__WHAT YOU ARE ASKED TO DO__
Print exactly the lines below between the line containing "Plush T.A.G. Glenky’s" and the line containing "LOW TOP OFF COURT BLACK", counting both of those lines. Leave pictures out.

__RECORDS SUPPLIED__
++++++++++++++++++++
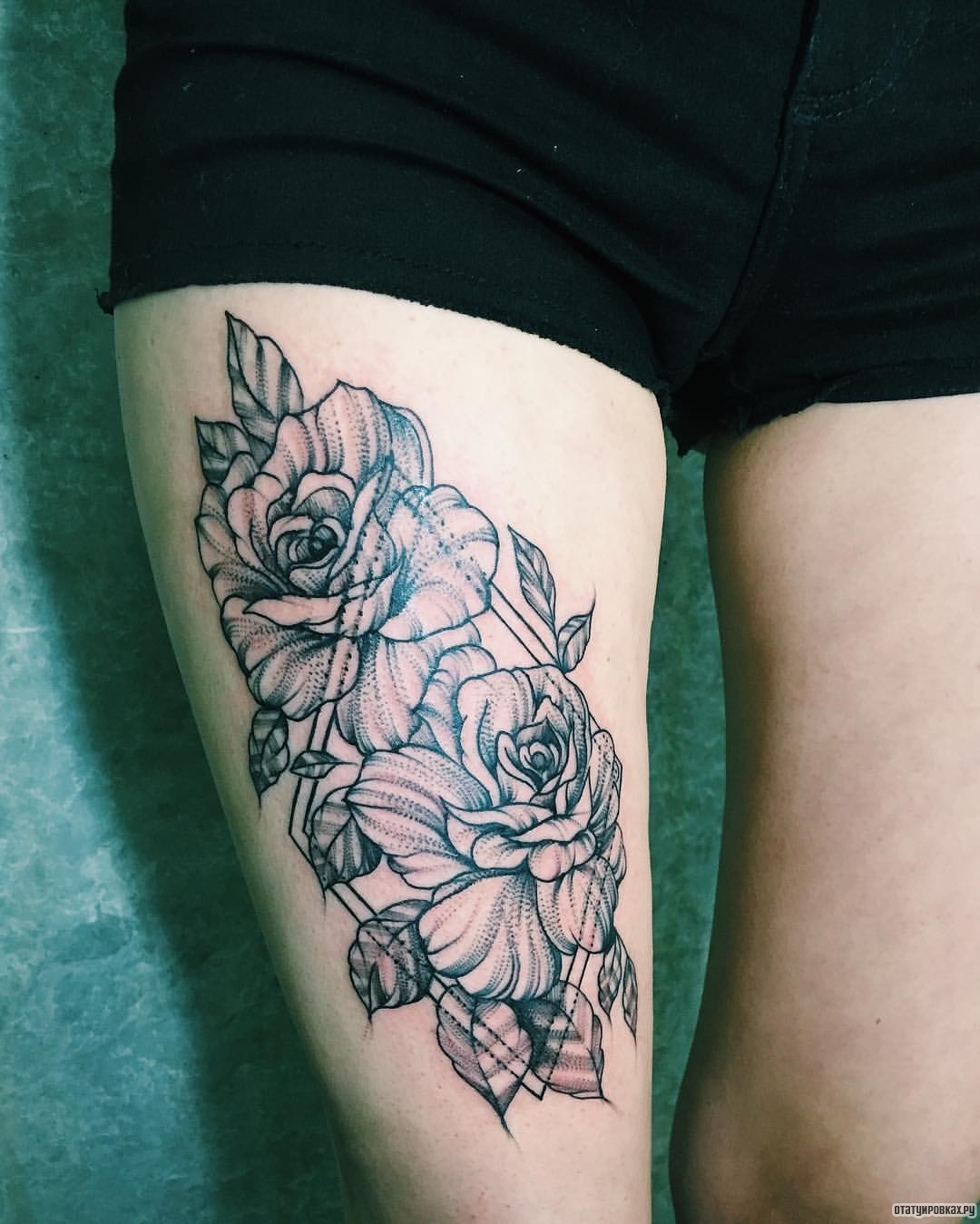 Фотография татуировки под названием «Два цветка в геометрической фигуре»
++++++++++++++++++++
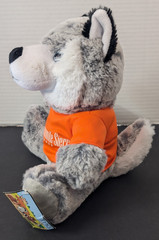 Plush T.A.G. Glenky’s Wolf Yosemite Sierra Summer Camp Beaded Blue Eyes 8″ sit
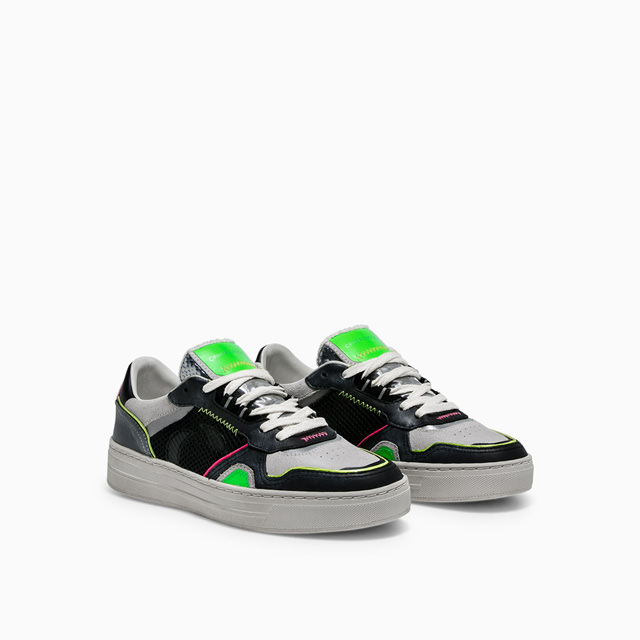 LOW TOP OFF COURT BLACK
++++++++++++++++++++
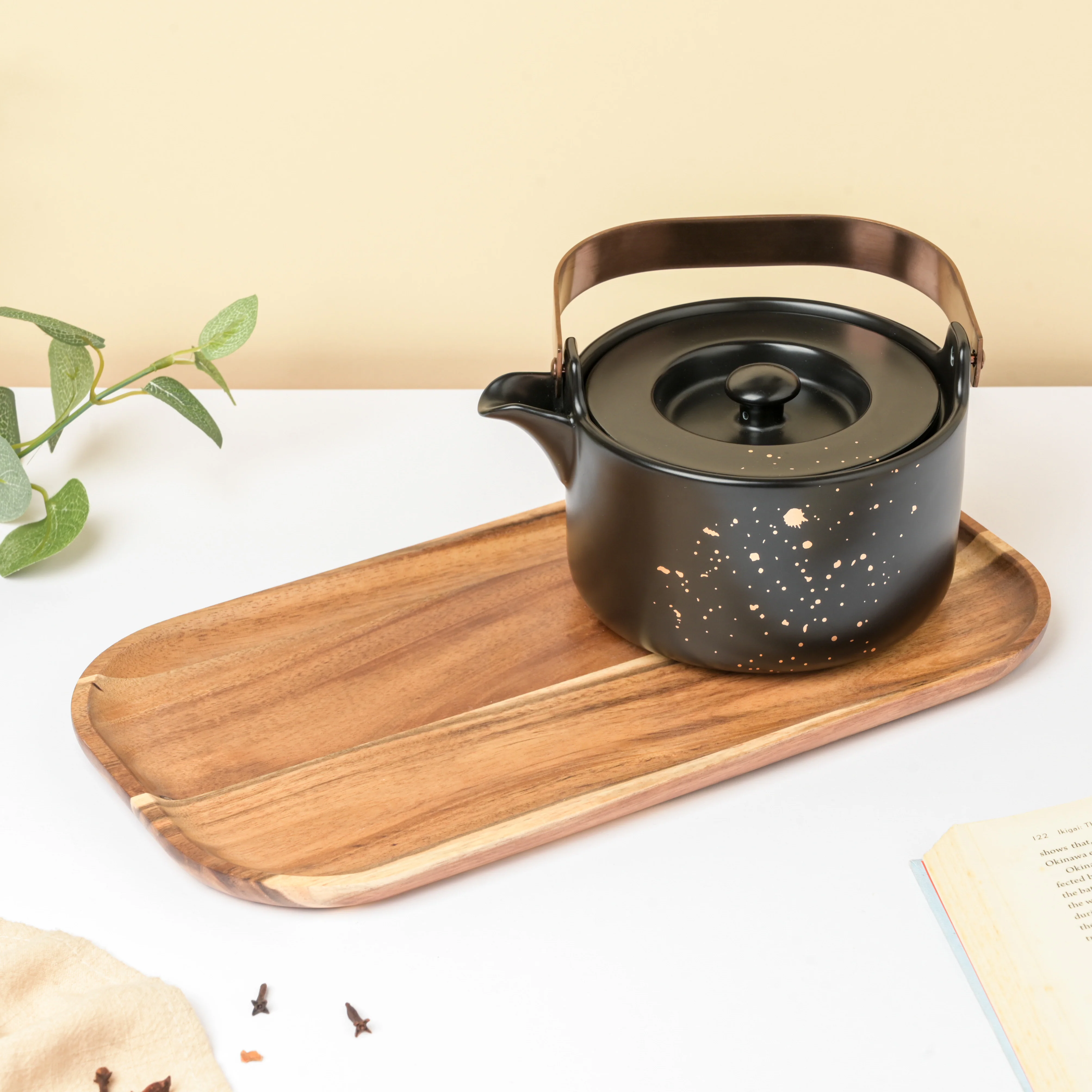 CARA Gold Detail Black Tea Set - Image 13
++++++++++++++++++++
__SOLUTION TO THIS EXERCISE__
 Plush T.A.G. Glenky’s Wolf Yosemite Sierra Summer Camp Beaded Blue Eyes 8″ sit
 LOW TOP OFF COURT BLACK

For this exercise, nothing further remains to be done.